Question

Element having highest I.P. value is:
A) Ne
B) He
C) Be
D) N

Answer 1

Hint:The term used above as I.P. is called ionization energy. The ionization energy or potential is an essential amount of energy that is required to remove an electron from a neutral atom or molecule. The stable that is half-filled and fully filled orbitals of electrons have very high ionization energy.

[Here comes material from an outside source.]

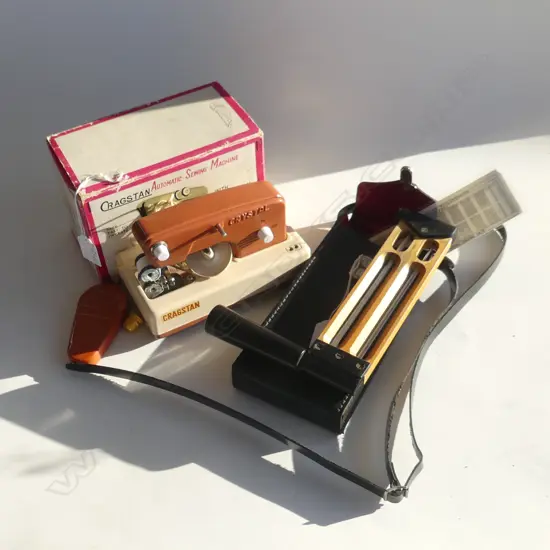 2 ITEMS. BOXED CRAGSTON CHILDS? SEWING MACHINE & A CASED  ' WHIRLING PSYCHROMETER' FOR DETERMINING RELATIVE HUMIDITY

Complete step by step answer:
1) First of all we will discuss the ionization energy of an element which depends on the electronic configuration, size of the atom, and electric charge of the nucleus. Now we will write the electronic configuration of each given elements in the options as below,
2) Electronic configurations of elements,
\[Ne{\text{ }}:\;\left[ {He} \right]2{s^2}2{p^6}\]
\[He{\text{ }}:\;1{s^2}\]\[1s\]
\[Be:\;1{s^2}2{s^2}\]
\[N{\text{ }}:\;\left[ {He} \right]2{s^2}2{p^3}\]
3) As it can be seen from electronic configuration Ne, He, and N all have fully filled stable configurations. \[1s\] shell being closest to the nucleus makes it quite tough to remove an electron from it, as in the case of He. Thus, the element having the highest I.P value is Helium.
4) As helium is a noble gas, we want to stick to their electrons and retain their stability. Due to less attractive force, it would be difficult for the nucleus to retain an electron that is far away from it (increase distance from the nucleus resulting in weaker binding of the valence electron.
Hence, the element having the highest I.P. value is He which shows option B as the correct choice.

Note:
Ionization potential is an inverse of atomic number and atomic radius; the larger the atomic no. and radius, the smaller the amount of energy required to remove the electron from the outermost orbital. In the periodic table on moving right to left the atomic radius increases, and the ionization energy increases from left to right in the periods and up the groups.